In the lively cities of the 17th-century Dutch Republic, no artist captured the spirited chaos of everyday life quite like Jan Steen. Born in Leiden in 1626 into a Catholic brewing family, Steen grew up amid taverns, markets, and domestic bustle—scenes that would later fill his paintings with warmth, wit, and mischief. Though briefly a university student, he chose instead to paint the human comedy in all its unruly brilliance.
Trained by prominent artists (possibly including Adriaen van Ostade or Nicolaus Knupfer), Steen developed a rich, theatrical style full of color, detail, and narrative flair. In the early 1670s, during financial hardship, he ran a tavern in Leiden—a life experience that clearly informed the authenticity and irony of his scenes.
Steen’s paintings overflow with humor and disorder. His interiors are cluttered with overturned mugs, sleeping dogs, flirtation, and chaos—but beneath the merriment lies a moral undertone. Like many Dutch genre painters, he used satire to comment on vice, vanity, and indulgence.
A striking example is “Tweeërlei spel” (Twofold Game, ca. 1660–1679), a tavern scene built around two kinds of “play”: a group of men focused on triktrak (backgammon), and an older man groping a serving woman in the foreground. All around are symbols of disorder—broken eggshells, the pipe and coals, mussel shells (signs of lust), a fallen stool, and a dog lying amid the chaos. A lute hangs overhead, evoking fleeting pleasure.
Here, Steen blends comedy with critique. The “game” is both literal and suggestive, drawing attention to power, gender, and temptation. Having run a tavern himself, Steen may well have painted from life—or at least from keen observation.

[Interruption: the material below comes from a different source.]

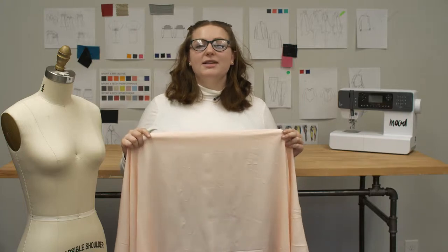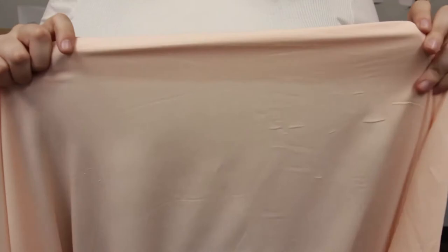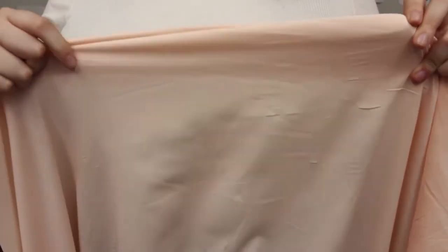This is product number 306655, Mood's Blush Mechanical Stretch Polyester Crepe de Chine. This product is 2.46 ounces per yard with a 57 to 58 inch width. It has a soft textured hand and a slight stretch, but it is totally sheer so you might want to line this product.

In a society that prized Calvinist restraint and bourgeois order, Jan Steen gave us something else: a mirror of the untidy, unguarded moments that reveal our shared humanity. When he died in 1679, he left behind a body of work that still speaks to the absurdity and beauty of everyday life. Through paintings like Twofold Game, Steen reminds us that even in chaos, there is laughter—and in folly, a truth.